The Total Recall remake proves that you can polish a dream into something ordinary very easily. It’s much harder to preserve what made it feel like a dream in the first place, and that’s ultimately how I started to think about the failure of my own rewritten first novel.

What This Means for Your Older Work

These three films illustrate something that any author revisiting old material needs to take seriously.

Technical improvement is not the same as creative improvement, and what feels like a flaw from the outside may in fact be an essential quality of the work.

When you consider rewriting or updating an older story, here are some things worth keeping in mind.

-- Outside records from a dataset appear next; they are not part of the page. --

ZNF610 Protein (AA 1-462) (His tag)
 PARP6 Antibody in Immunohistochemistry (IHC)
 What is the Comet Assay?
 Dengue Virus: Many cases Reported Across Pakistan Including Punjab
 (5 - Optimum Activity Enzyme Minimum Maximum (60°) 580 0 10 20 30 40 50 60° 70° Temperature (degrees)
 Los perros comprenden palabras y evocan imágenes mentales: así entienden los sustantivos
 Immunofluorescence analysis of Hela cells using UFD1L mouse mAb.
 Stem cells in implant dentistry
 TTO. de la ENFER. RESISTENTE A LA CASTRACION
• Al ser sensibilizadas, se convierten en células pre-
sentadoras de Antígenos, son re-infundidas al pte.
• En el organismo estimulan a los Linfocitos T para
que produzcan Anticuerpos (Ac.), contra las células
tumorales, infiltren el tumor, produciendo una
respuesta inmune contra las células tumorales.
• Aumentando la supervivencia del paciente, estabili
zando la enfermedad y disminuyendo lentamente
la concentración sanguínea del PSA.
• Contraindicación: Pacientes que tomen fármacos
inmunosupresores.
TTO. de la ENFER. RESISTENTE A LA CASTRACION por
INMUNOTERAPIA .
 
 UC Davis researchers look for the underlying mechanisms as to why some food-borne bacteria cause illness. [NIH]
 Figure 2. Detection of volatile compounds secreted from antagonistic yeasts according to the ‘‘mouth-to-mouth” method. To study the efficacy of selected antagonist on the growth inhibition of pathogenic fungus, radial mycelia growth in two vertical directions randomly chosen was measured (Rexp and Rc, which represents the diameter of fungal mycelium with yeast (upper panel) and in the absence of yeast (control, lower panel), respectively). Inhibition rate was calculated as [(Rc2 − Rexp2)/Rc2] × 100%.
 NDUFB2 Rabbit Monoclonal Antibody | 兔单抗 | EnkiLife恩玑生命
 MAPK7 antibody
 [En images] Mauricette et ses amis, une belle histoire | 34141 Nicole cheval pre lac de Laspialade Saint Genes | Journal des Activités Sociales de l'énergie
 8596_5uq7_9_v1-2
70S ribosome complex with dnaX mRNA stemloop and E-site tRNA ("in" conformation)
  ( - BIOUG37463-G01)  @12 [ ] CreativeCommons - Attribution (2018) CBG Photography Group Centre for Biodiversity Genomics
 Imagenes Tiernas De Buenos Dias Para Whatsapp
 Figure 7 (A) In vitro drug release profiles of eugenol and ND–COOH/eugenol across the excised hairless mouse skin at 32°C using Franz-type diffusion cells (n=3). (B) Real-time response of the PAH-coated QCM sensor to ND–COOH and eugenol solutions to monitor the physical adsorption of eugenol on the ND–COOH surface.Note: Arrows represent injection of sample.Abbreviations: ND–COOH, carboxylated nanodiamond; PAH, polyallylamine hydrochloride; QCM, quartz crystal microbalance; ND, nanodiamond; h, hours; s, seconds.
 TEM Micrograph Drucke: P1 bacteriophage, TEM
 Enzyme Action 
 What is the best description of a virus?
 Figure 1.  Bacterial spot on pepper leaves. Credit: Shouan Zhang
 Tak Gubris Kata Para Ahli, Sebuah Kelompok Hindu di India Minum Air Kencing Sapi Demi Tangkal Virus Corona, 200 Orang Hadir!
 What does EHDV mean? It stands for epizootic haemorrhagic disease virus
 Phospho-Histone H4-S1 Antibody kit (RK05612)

Identify what the original actually does well. Before you change anything, read your old work as a reader, not an editor. What made it alive? What made readers connect with it? Sometimes the things that embarrass you—the breathless pacing, the unfiltered emotion, the lack of self-consciousness—are precisely the things your readers responded to. When I reread the original version of Adventure Eddy, the voice I hear is of a younger, more naive version of myself, and there’s something magical in that, even if my writing was considerably less polished.

Update the context, not the spirit. If a story feels dated, consider whether you can modernize its setting or its cultural references without altering its core energy. The 2025 Running Man succeeded in updating the story’s anxieties, but it failed in the execution of its ending. It’s challenging to aim to do the former without stumbling into the latter. I encountered this myself when I tried to rewrite Adventure Eddy, because I was challenged to revisit a story I’d written in an era before smartphones and Wi-Fi (damn, am I that old?) and updating the technology downgraded the adventurous spirit of the story.

Be honest about your reasons for rewriting. Good writers thrive on self-awareness, although few of us are very good at it. As I reexamined my first novel, I had to ask myself some difficult questions that you should be asking yourself, too. Are you rewriting this story to make it better for readers? Or are you making it more comfortable for yourself? Those are actually two very different goals and they’re not always compatible. As dissatisfied as you might be with your past writing, what few readers you had loved the original for reasons that had nothing to do with your own insecurities about your skill as a writer.

Accept that some work belongs to the writer you were. The reason we reread books is because we’re different people than we were the first time we read it. That is true of us as writers, as well. Our older writing isn’t necessarily a failure. It’s a document of where we were at that moment in our lives, and that document has value. Sometimes to readers, but almost always to ourselves.

Coming Home to Adventure Eddy

In the end, I made a decision I feel entirely at peace with: I re-republished Adventure Eddy in its original format.

Not because the rewrite wasn’t technically stronger. It was. But the original book has something the rewrite doesn’t. It has the voice of a writer who was discovering storytelling for the first time, reading chapters aloud to his children, finding out what worked by watching their faces. That is not nothing. That is, in fact, everything.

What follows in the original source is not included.